*WORK REQUIRED*. When the line containing "WALT DISNEY SMOKEY" is found in the data below, give it again along with every later line, exactly; drop the pictures.

*MATERIAL SUPPLIED*.
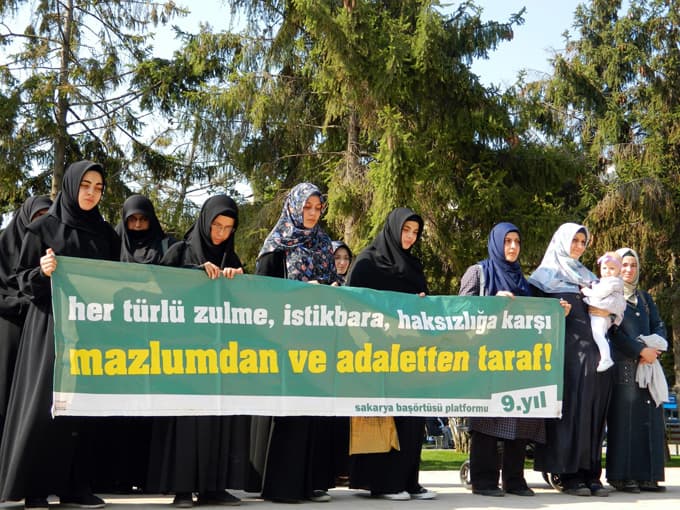 Mısır'daki darbe karşıtlarına Sakarya'dan destek
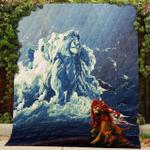lion king fleece blanket dad and son remember who you are quilt d2324851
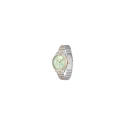 Reloj Boss Saya Mujer Platado, Rosado y Verde Menta Multifunción 1502641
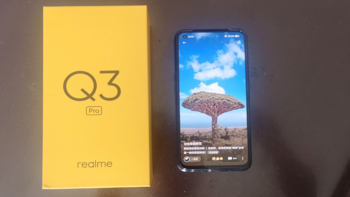 一次给父亲换机的经历及简单使用体验——realme Q3pro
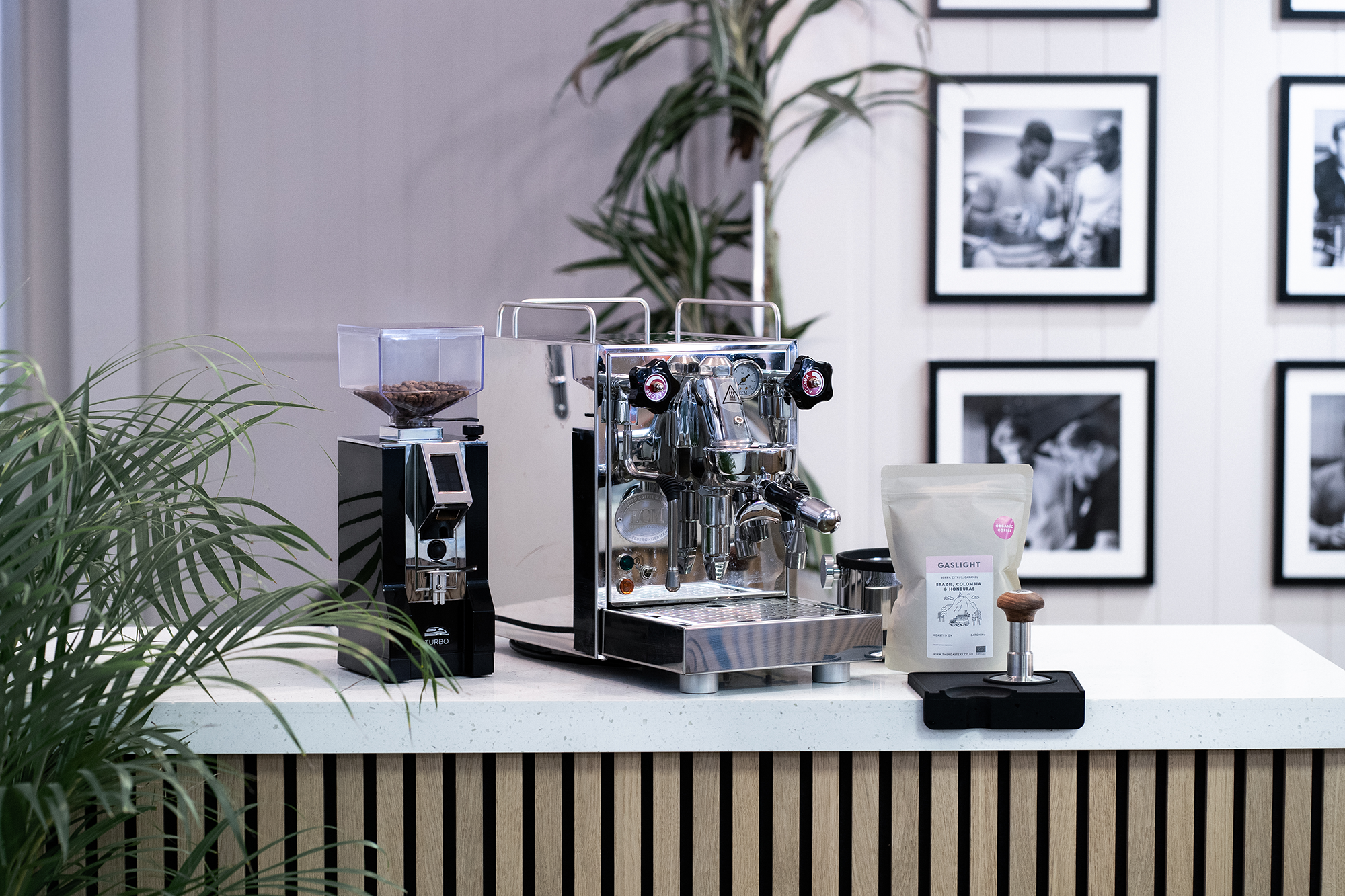 The ECM Mechanika Slim Espresso Machine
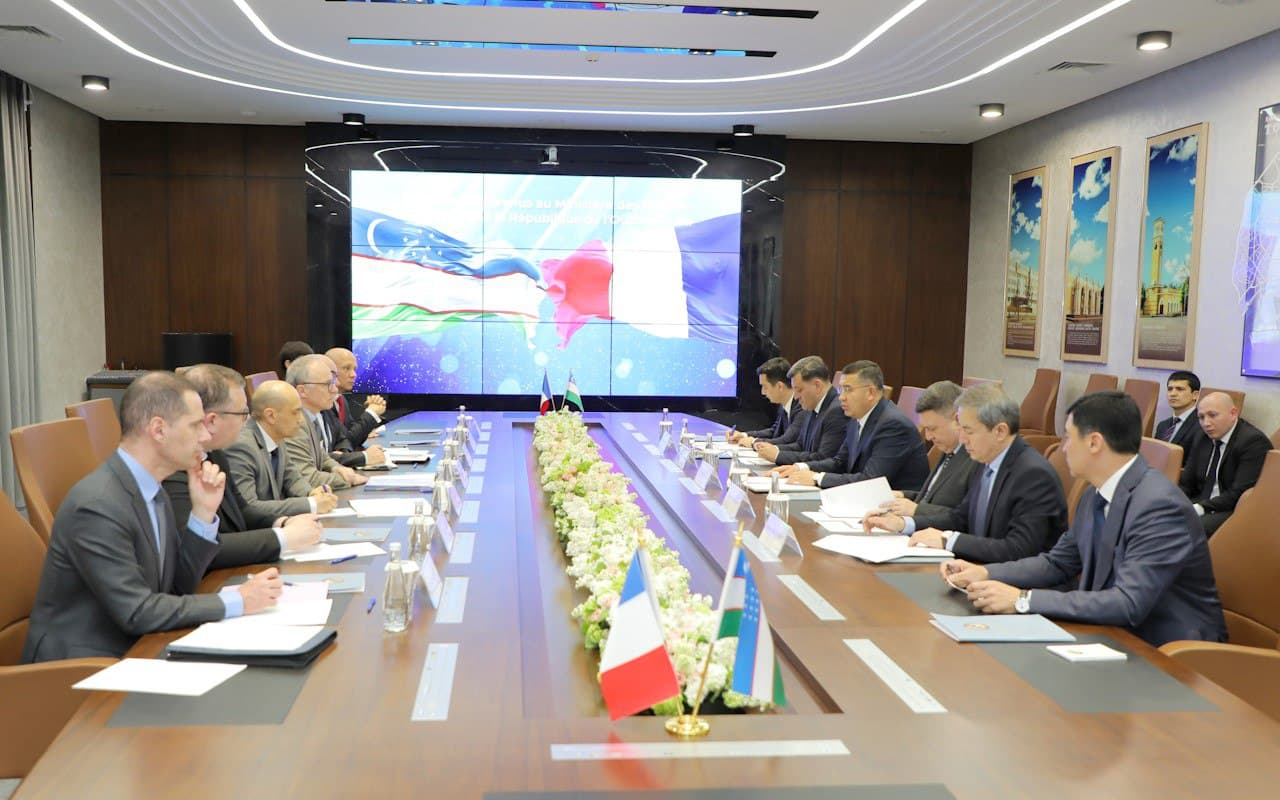 The international cooperation with France is being strengthened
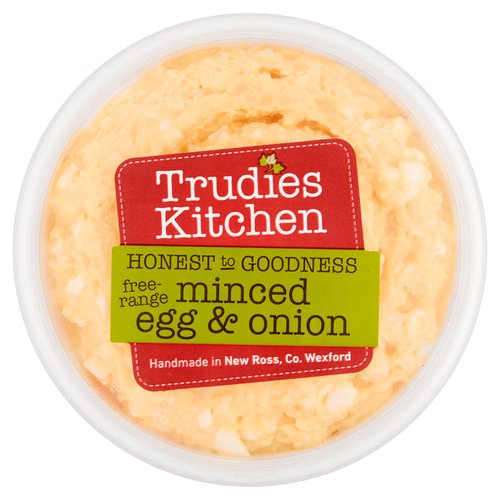 Trudies Kitchen Honest to Goodness Free-Range Minced Egg & Onion 250g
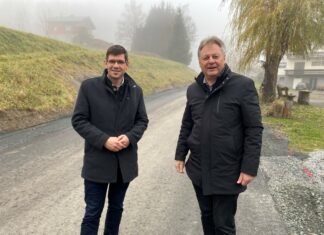 Heurige Straßenbauoffensive: 4,5 Millionen im Bezirk Hermagor investiert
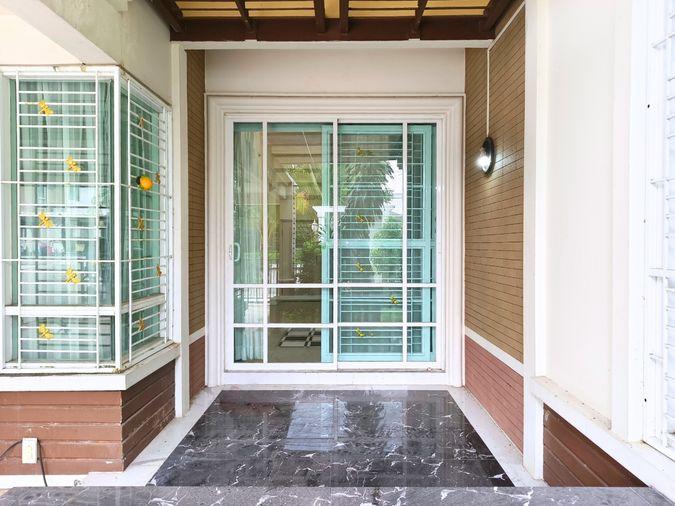 รูป ขาย บ้านเดี่ยว Home Place The Park Rama9 ใกล้ถนนกรุงเทพกรีฑาตัดใหม่และ Nirvana porch 3 ห้องนอน 3 ห้องน้ำ 65 ตร.ว. - รูปที่ 3/25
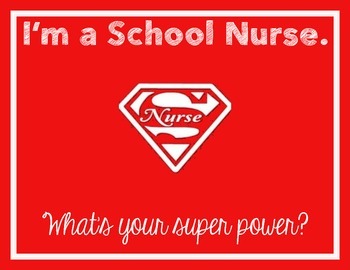 Preview of School Nurse Super power
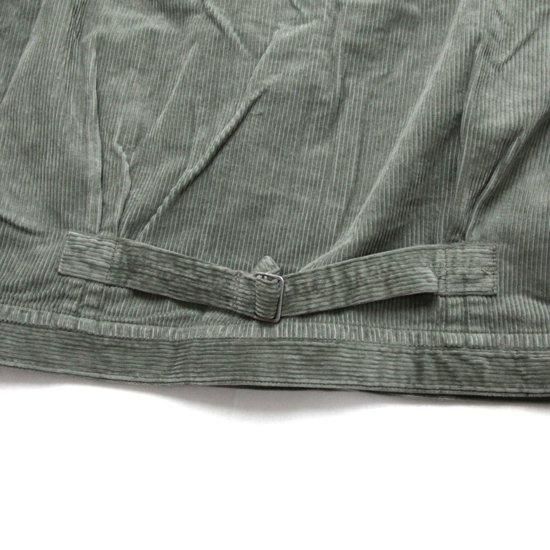 GOHEMP ゴーヘンプ｜CORDUROY 3 TACK G-JAN (ライトオリーブ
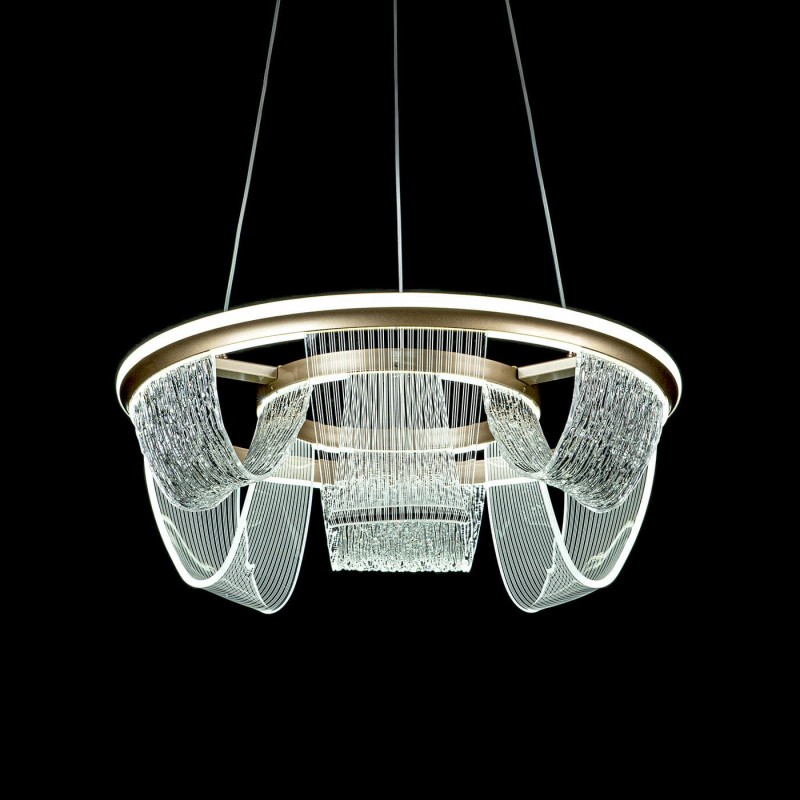 Подвесной cветильник LED4U L7706-460 GD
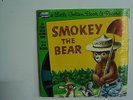 WALT DISNEY SMOKEY THE BEAR 215 Disney Little Golden Read Along Book  45 SEALED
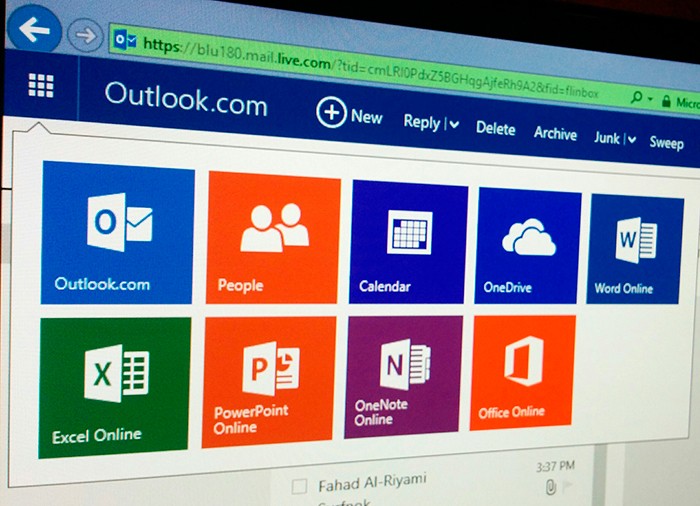 outlook.com entrar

*RESPONSE BELOW*.
 WALT DISNEY SMOKEY THE BEAR 215 Disney Little Golden Read Along Book  45 SEALED
 outlook.com entrar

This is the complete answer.